Comme un ancien fumeur évite tout ce qui pourrait lui rappeler sa drogue, j’évite en général et pour des raisons de santé les lectures équestres susceptibles de me faire replonger. Mais les rares fois où elles sont mises en avant dans les rayons, il est quand même très dur de ne pas tendre le bras pour en prendre une bouffée au travers de quelques lignes. En l’occurrence, les premières lignes étaient tellement éblouissantes que je me suis sentie oooobligée d’acheter le bouquin.
Parce que monter à cheval, c’est bel et bien ceci :
« Sentir un autre coeur soudain battre tout contre sa cheville. Un second, à une main du creux de l'épaule gauche comme le coeur des humains. Mais un coeur plus allant. Plus sauvage. Plus vibrant.
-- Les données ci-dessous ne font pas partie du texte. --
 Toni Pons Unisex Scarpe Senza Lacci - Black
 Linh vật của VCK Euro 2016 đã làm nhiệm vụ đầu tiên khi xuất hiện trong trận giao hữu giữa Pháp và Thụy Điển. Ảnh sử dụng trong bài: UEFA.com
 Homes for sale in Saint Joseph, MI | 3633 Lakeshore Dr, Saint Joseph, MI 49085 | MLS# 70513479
Dix fois plus généreux et mille fois plus fougueux. Si vite effarouché pourtant. Un coeur de fauvette affolée que l'on voudrait pouvoir apaiser d'une caresse. Un coeur de guerrier à jamais indompté. D'un calme invincible et tout à coup en tempête. Pour un rien, un bruit ou une biche invisible en alerte. Sans cesse sur le qui-vive. Capable de vous tuer aussi innocemment que de vous changer la vie. Voire de vous la sauver. »
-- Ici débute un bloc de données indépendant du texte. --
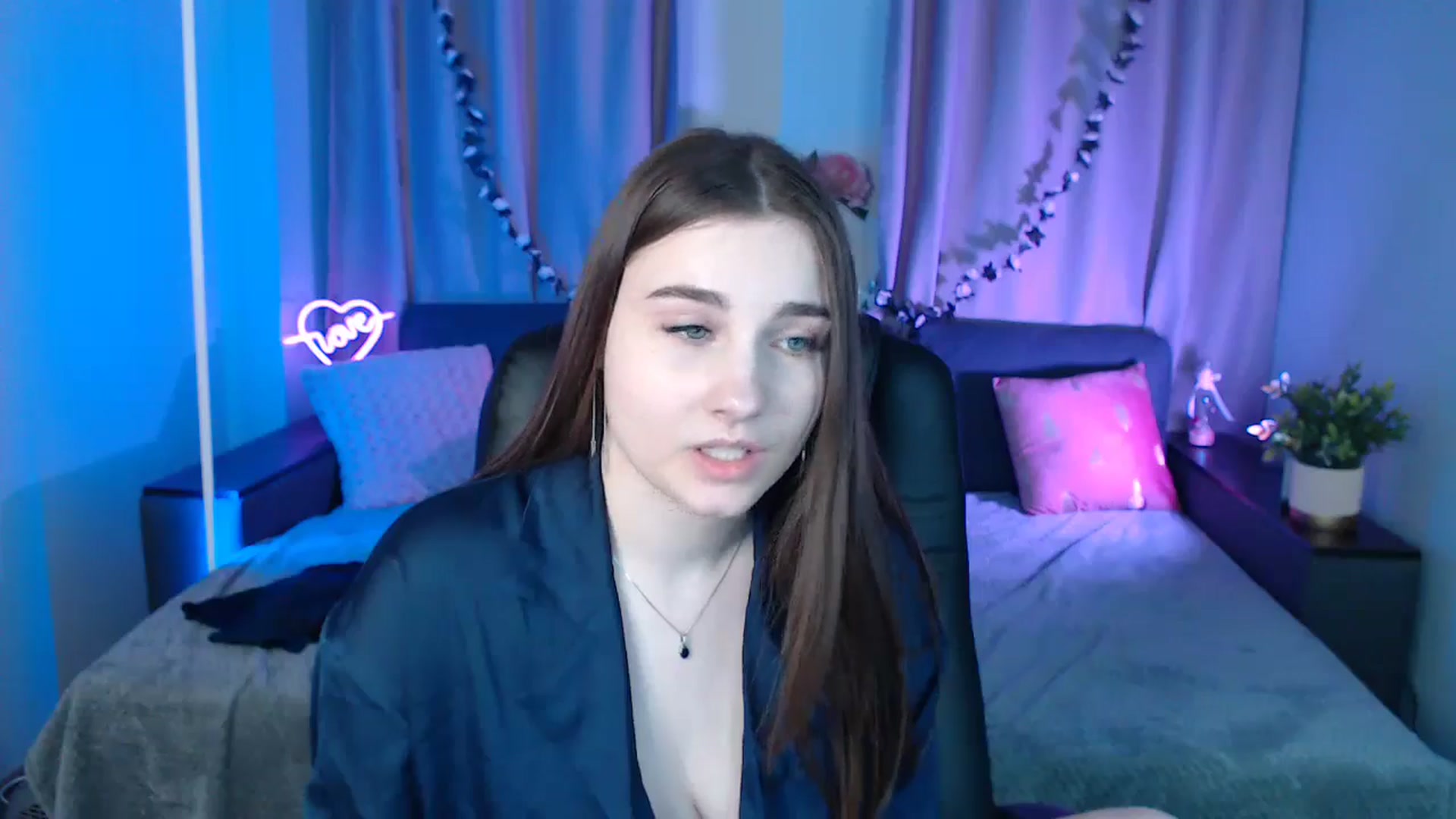 Gallery image thumbnail from LaneyGrey's myfreecams stream on, 12/17/2024, 13:45 image 7 of 20
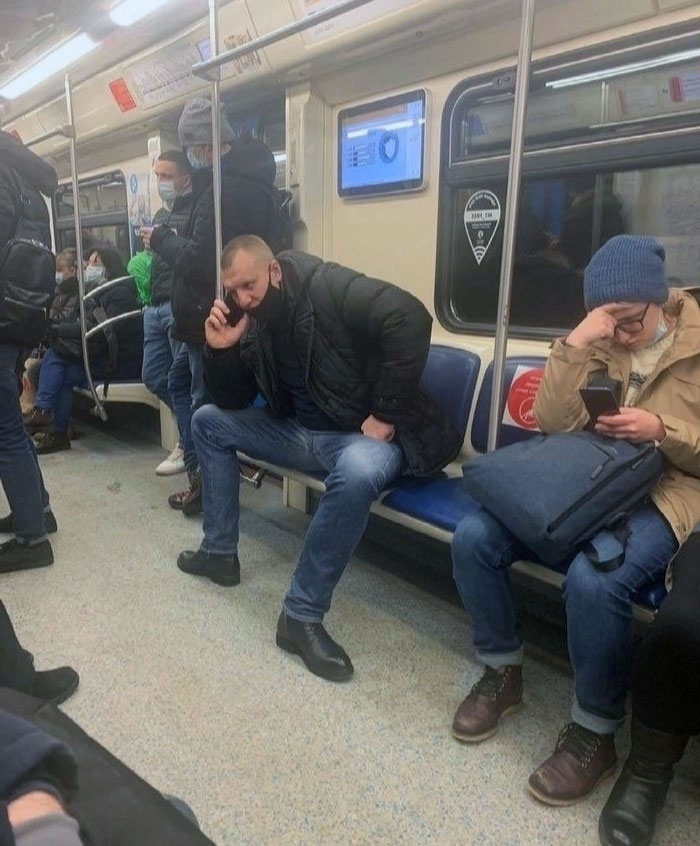 The Final Manspreading Boss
Pour une fois il s’agit non pas d’un roman mais d’un récit : Celui de la vie cavalière de Sophie Nauleau. En 135 pages, elle tente de nous en faire saisir la définition et l’essence. De petits maux en petits mots, les réflexions de l’auteure visent à comprendre et expliquer un petit miracle : Celui qui fait de l’équitation un mode de vie plus qu’une passion, et ce en dépit du danger qu’elle peut représenter, de l’investissement personnel, en temps, et en argent qu’elle demande, malgré aussi les moments de découragement intense qu’elle nous fera forcément subir.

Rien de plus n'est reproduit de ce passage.